I am going to be buying a new spinning reel soon. I'll be using it to fish for red drum, trout, Jack crevalle etc from the IRL and Mosquito lagoons mainly.

I am looking at the Shimano stradic, Penn Prion, and the Daiwa Emblem ZA.

Does anyone own one (or all) of these and if so, can you tell me about it's performance? Comparisons? Recommendations?

Also, if anyone has owned or had experience with one of those alvey sidecast type reels? Thinkin bout gettin one of them too.

Thank you, 

Playalinda7:jawdrop:


----------



## redfishjoebob (Feb 10, 2003)

i HAVE SOME PENNS, BUT REFUSE TO PAY FOR A STRADIC, i HAVE HAD TWO, AND THEY DID NOT SEEM TO HOLD UP. i AM NOW EXCLUSIVLY BUYING OKUMA SPINNING REELS, THEIR CORONADO, IS THE BEST REEL FOR THE MONEY. aT LEAST TO ME. i BOUGHT THREE OF THEM OF EBAY, AND HAVE BEEN THOROUGHLY SATISFIED. tHEY ARE WELL MADE AND YOU CANNOT EVEN BEAT THE RETAIL PRICE. BUT THE DECISION IS YOURS. sEE yA jOE

HERE IS THEIR WEBSITE

WWW.OKUMAFISHING.COM


REMEMBER THREE QUARTERS OF THE EARTH IS COVERED BY WATER, SO THREE QUARTERS OF YOUR TIME SHOLU BE SPENT FISHING..


----------



## Playalinda7 (Aug 5, 2003)

Thank you redfishjoebob. So your stradics did not hold up huh? I'm kinda leaning toward a daiwa emblem but that okuma oryx is looking pretty good.
Thank you for the link.


----------



## AL_N_VB (Apr 3, 2002)

Used to be a PENN,Shimano and older model Fin-Nor reel man.Till I got broke!
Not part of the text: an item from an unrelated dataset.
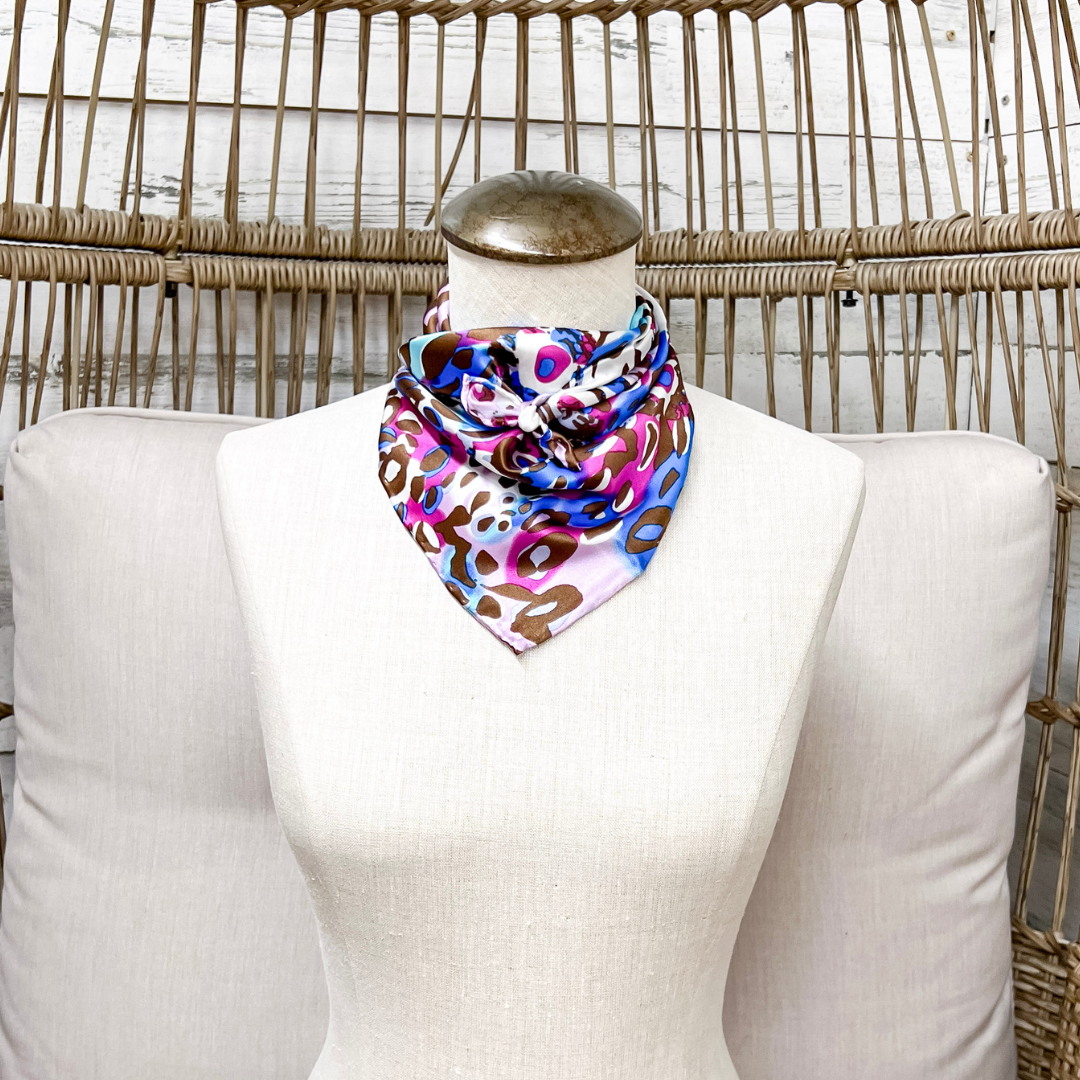 Wyoming Traders | Mini Bamboozled Animal Print Charmeuse Silk Wild Rag Scarf in Pink and Blue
I exclusively use Diawa reels on all my lite/medium spinning tackle.

Don't get me wrong,I still fish with a Penn 6500SS-on a shimano 7 foot boat rod(bottom fishing),and their 525MAG(best purchase since my mail-order wife)-on my 11 foot Tica .

But for the waist high wading-the Samauri 2500 on my 8 foot Key Largo trout rod,and the 3500 XLT on my 8 foot Fenwick pluggin/spoon rod-All Diawa reels.

I think the new Daiwa reels are the best by for the Bucks.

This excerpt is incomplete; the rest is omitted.